В последнем по времени романе «Лед» сорокинская метафизика проявилась уже в полную силу — на сюжетном и всех прочих уровнях. «Лед» — вообще удивительно для Сорокина лаконичная и стройная вещь. Если чтение «Голубого сала» подобно путешествию по пещере со многими ответвлениями, пустотами и тупиками, то чтение романа «Лед» напоминает стремительную езду по широкому проспекту. Персонажи по-прежнему лишены психологической индивидуальности, однако их физиологическая индивидуальность представлена также довольно скупо, протокольно — в соответствии с каноном Юлиана Семенова. Так, проносятся мимо какие-то размытые фотографии. По привычке начинаешь искать стилистические клише и не находишь их, хотя значимо имитировать безликость современной массовой прозы, наверное, просто невозможно. Тут Сорокин вынужден остаться наедине с собственным текстами. «Лед» в этом смысле очень похож на давний роман «Сердца четырех»: это своего рода «Двадцать лет спустя» по-сорокински. Бессмысленная нервная динамика абсурдного триллера, которая была в «Сердцах четырех», обретает в новом романе кристаллическую ясность и цельность. «Лед» можно пересказать «своими словами», вывести определенную идею и включить в школьную программу.
Странным образом все последние книги этого писателя производят впечатление итоговых, последних. Кажется, что после них уже ничего не будет, потому что все специфически сорокинское уже сказано и показано. «Голубое сало» можно представить как сорокинскую энциклопедию, где собраны все мотивы его творчества и продемонстрировано, что он умееет делать с чужими и своими текстами. «Пир» напоминает краткий дайджест, творческое резюме… Прозрачный «Лед» обнажает ту стержневую интеллектуальную конструкцию, которая держит все остальные барочные украшения и завитушки. Последнее слово приговоренного к славе.

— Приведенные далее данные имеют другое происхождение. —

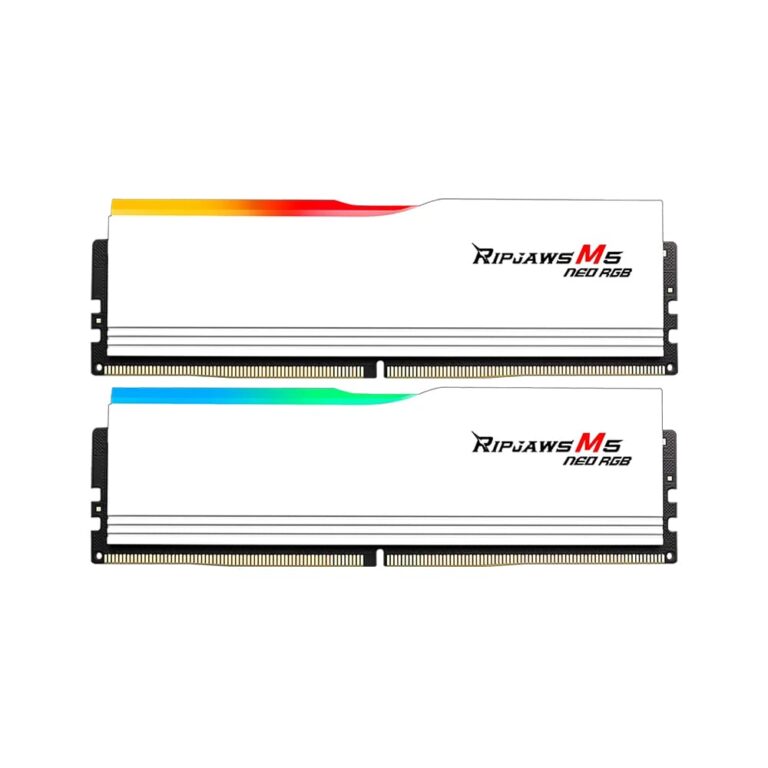 رم جی اسکیل 32gb DDR5 6000 Ripjaws M5 Neo RGB WHITE CL36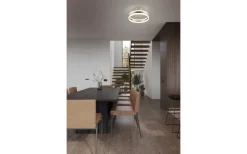 Plafonder < Trio Lighting Dios Plafond LED 40cm i borstat stål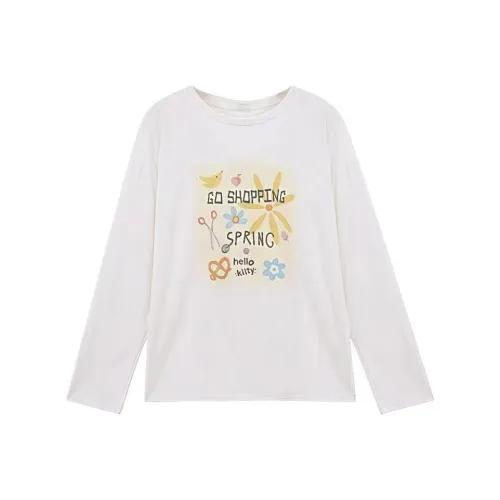 EMDPN Стандартный с принтом длинный рукав рубашка свободный крой утягивающий эффект UNIQUE маленький топ женский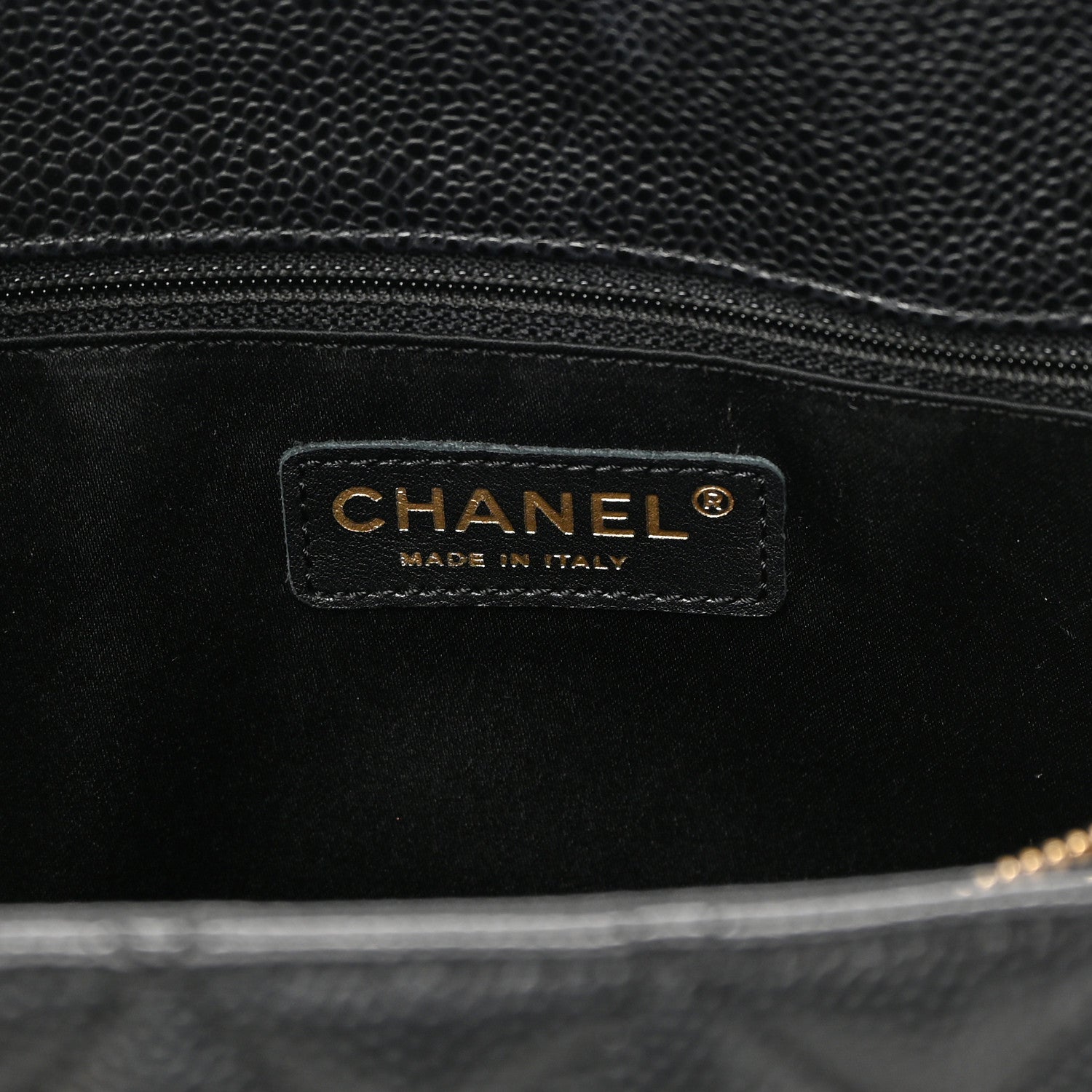 Chanel Caviar Quilted Grand Shopping Tote GST Black 6 of 13
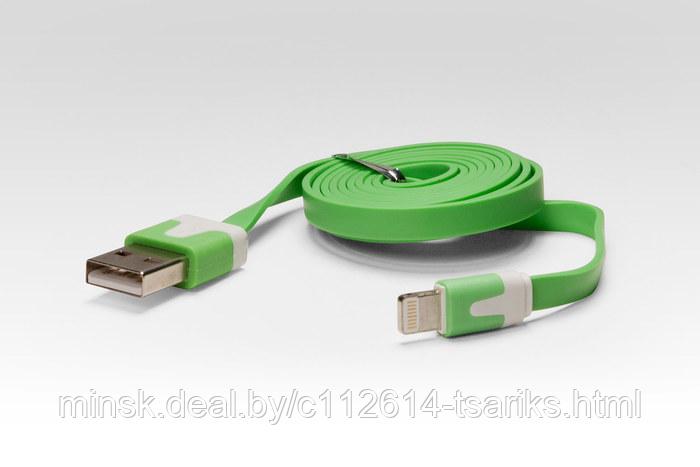 Кабель цветной Lightning для подключения к USB Apple iPhone X, iPhone 8 Plus, iPhone 7 Plus, iPhone 6 Plus, - фото 1 - id-p101237939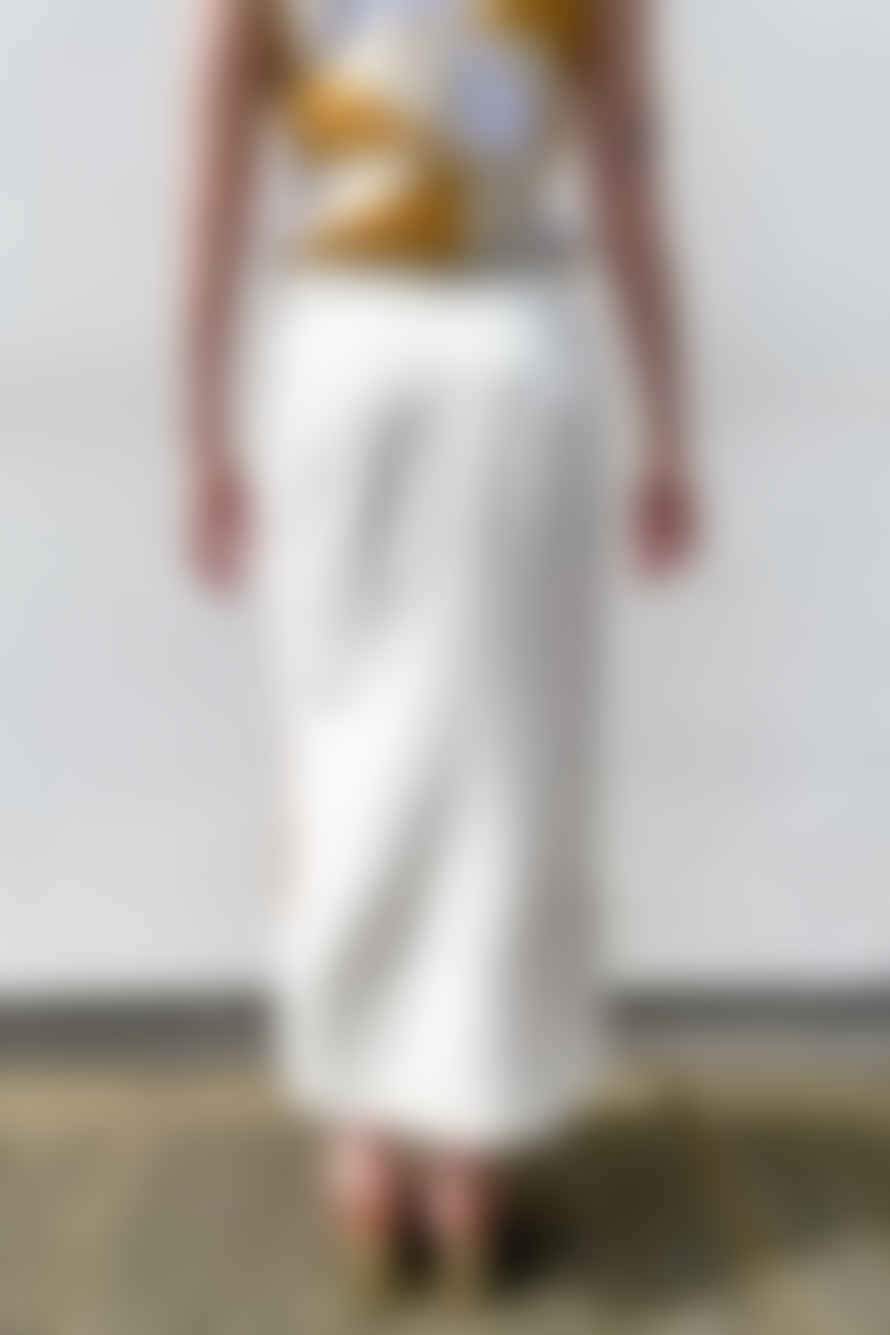 Second Female Lino Antique White Skirt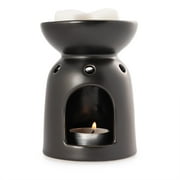 Mainstays Ceramic Tealight Warmer, Black, 1 Pc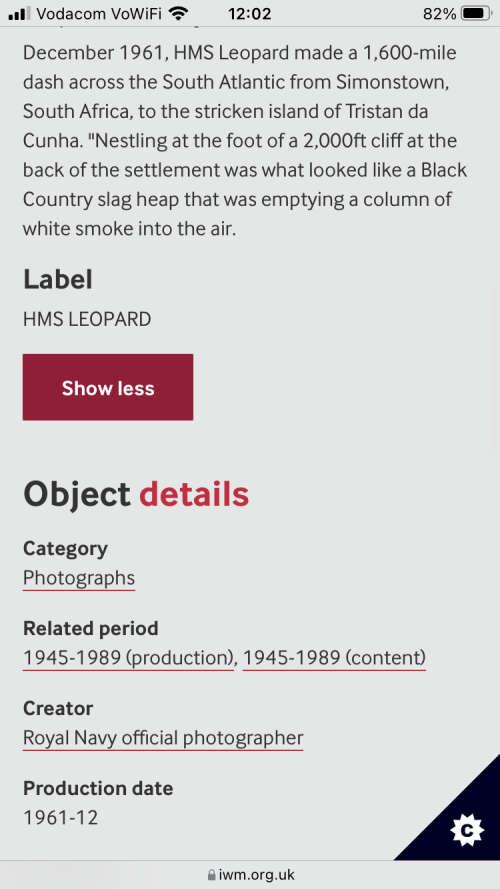 1960s British Royal Navy FrIgates HMS LYNX PUMA JAGUAR LEOPARD mini wallet Sailor Hat memorabilia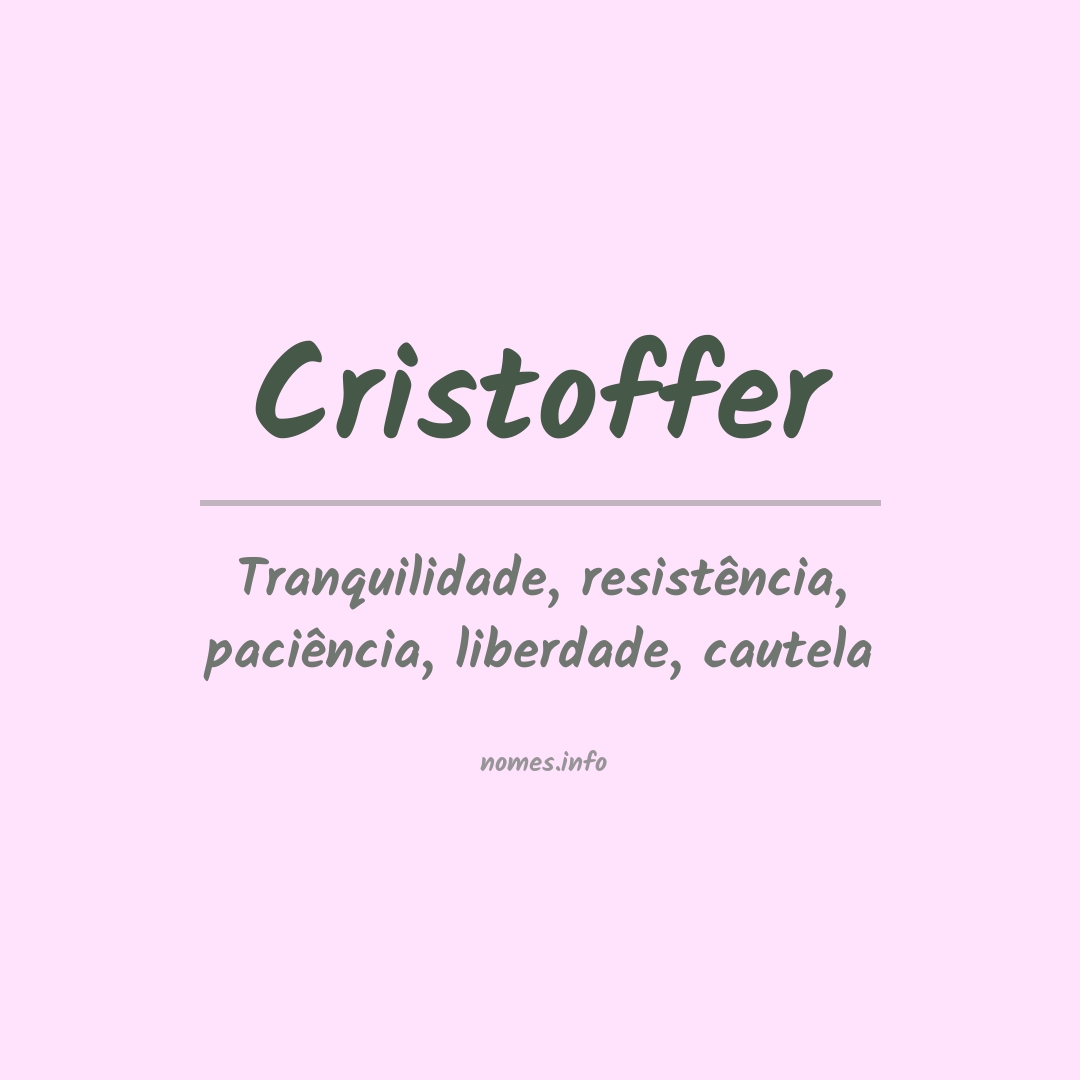 Significado do nome Cristoffer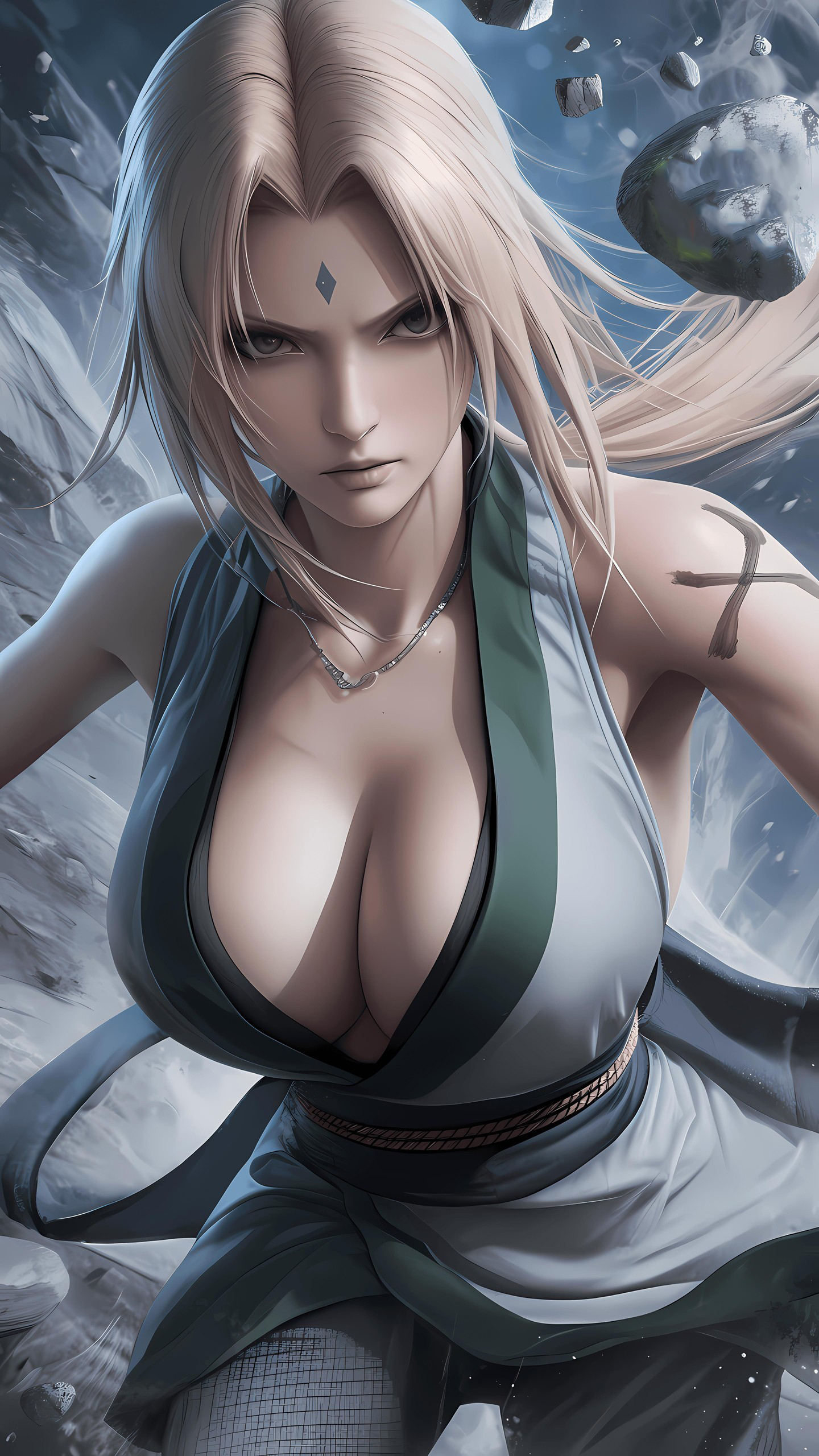 Naruto Anime Wallpaper - Tsunade Senju 手機桌布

P. S. Когда эта статья была уже написана, произошло удивительное событие, которое, если бы не имело никаких материальных свидетельств, можно бы было принять за дурной сон, случившийся после прочтения очередного сорокинского романа. Некие лица, похожие на прокуроров, возбудили против Владимира Сорокина уголовное дело, поддержав инициативу странного сообщества «Идущие вместе», объединившего, по всей вероятности, несостоявшихся учителей литературы. Сорокин обвиняется в распространении порнографии. Причем обвиняется не только издательство, попустительствовавшее порнографии, но и непосредственно автор. Обвинение, более нелепое и бессмысленное, что это, сложно даже придумать: более антиэротического и асексуального писателя, чем Владимир Сорокин, в мировой литературе не существует. Если Сорокина необходимо осудить, то в уголовный кодекс придется внести новую специальную статью «виртуальное членовредительство в особо крупных размерах».
1) О чем написал в одном из своих обзоров Вячеслав Курицын.
2) Образец см.: http://www.guelman.ru/slava/writers/sorokin. htm
3) http://imperium.lenin.ru/LENIN/15lmdg/15.html#sorokin. Впрочем, еще в 1997 году Михаил Вербицкий, когда брал интернет-интервью у Александра Дугина, настаивал на том, что в романе «Сердца четырех» описаны оккультные практики. Дугин тогда отнесся к упоминанию Сорокина без всякого интереса.